By 10.30pm the band are rolling down the hill to bed, ready for Stockholm the following day. It’s hardly Spinal Tap. But for Jason, getting sober and playing a decent show every night are more important. "The idea is to stay in the game," he recently told The List, "to survive."

It’s been said before that no other band totally encapsulates the current British predicament: the hopelessness of working people facing stagnating wages, inflation, a collapsing welfare state.

But Sleaford Mods are also a product of the present catastrophe. As their name suggests, we are all, in our own way, smalltown mods, trying to buy ourselves a better future even as that future is snatched from us by Brexit, generational inequality and the unforgiving squeeze of a right-wing Government.

Once being a mod meant living above your station and dreaming of something better than where you came from. The late cultural critic Mark Fisher wrote that the mods of the 60s existed in a dream world of glamour and gangsterism, even if their reality was a parka and a packet of chips. He added: "With Sleaford Mods the chips are all that’s left."

Sleaford Mods show us England after the classless dream of the mods has died. The 2014 video for ‘Tied Up In Nottz’, released before Brexit, captured the wretchedness of small town England. It opens with a shot of Jason’s soggy brown brogues in a puddle. Here’s a man of style, a man who wanted something more once, digging in his purse for small change at the corner shop and standing in line for a bus in the rain.

On the back of the bus, as they travel round the city where they live, Sleaford Mods tell us about a fragmented night out in this place. Jason sings of stinking toilets, casual sexism, the "two pints destroyer" who can’t handle his drink, the "lonely-little DJs with no life", the inevitable call to a coke dealer when everyone is drunk. "We are real," Jason says, putting himself in the fray. "We are looking 20p in the 10p mix."

The video is set in Nottingham, where Jason lives. This city voted marginally in favour of leaving the EU. In the three months after the referendum, it had the second biggest rise in hate crime of anywhere in the UK: up 75 per cent. In one of nearly 200 similar incidents, racists broke into a home in Nottingham and told a Latvian family they were "fucking immigrants" and must leave the UK.

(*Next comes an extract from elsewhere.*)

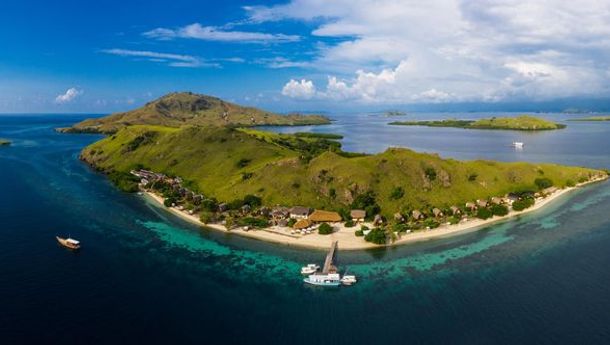 Komodo Resort di Tanjung Pelita, Pulau Sebayur, Komodo Sajikan 'Pengalaman' Tiada Duanya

Sleaford is 30 miles from Nottingham and surrounded by fenlands. It has attracted successive waves of immigrants who often work low paid jobs on the land.

Jason didn’t know Brexit would happen when he chose the name. He wanted Sleaford Mods to be a nod to where he comes from, in opposition to the ruling classes and the metropolitan elite. You can hear this in his delivery: a flat, Midlands accent.

But by namechecking Sleaford as a rejection of the middle class elite in London, Jason put a flag in the part of the country that would one day have the highest number of leave voters in the UK.

He chose to call himself a mod as another small rebellion: "I thought Mod had been hijacked by the laziness of mainly Paul Weller and Noel Gallagher, who were in 2006 and 2007 still viewed as the oracles of the current movement," he says. "They’d become useless, fat, overblown. It was, in my own little world, a takeover so to speak, a coup."

Mods were a breed of teenagers that emerged at the end of the fifties wearing boxy, tailored suits, listening to American jazz and soul records and espousing European culture. In The Soul Stylists by Paolo Hewitt, Patrick Uden, a former mod, says: "Modernism was a uniquely English idea because it was born from the frustration of having nothing. To be a Modernist you had to come from a culture where Modernism didn’t exist and that made you different."

Uden goes on: "England at that time, Britain was ancient, it was falling apart. It was awful. You have no idea, even by 1965, how miserable and grey Britain was. What was modernism about? It was an acquisitiveness for the things not available in the UK."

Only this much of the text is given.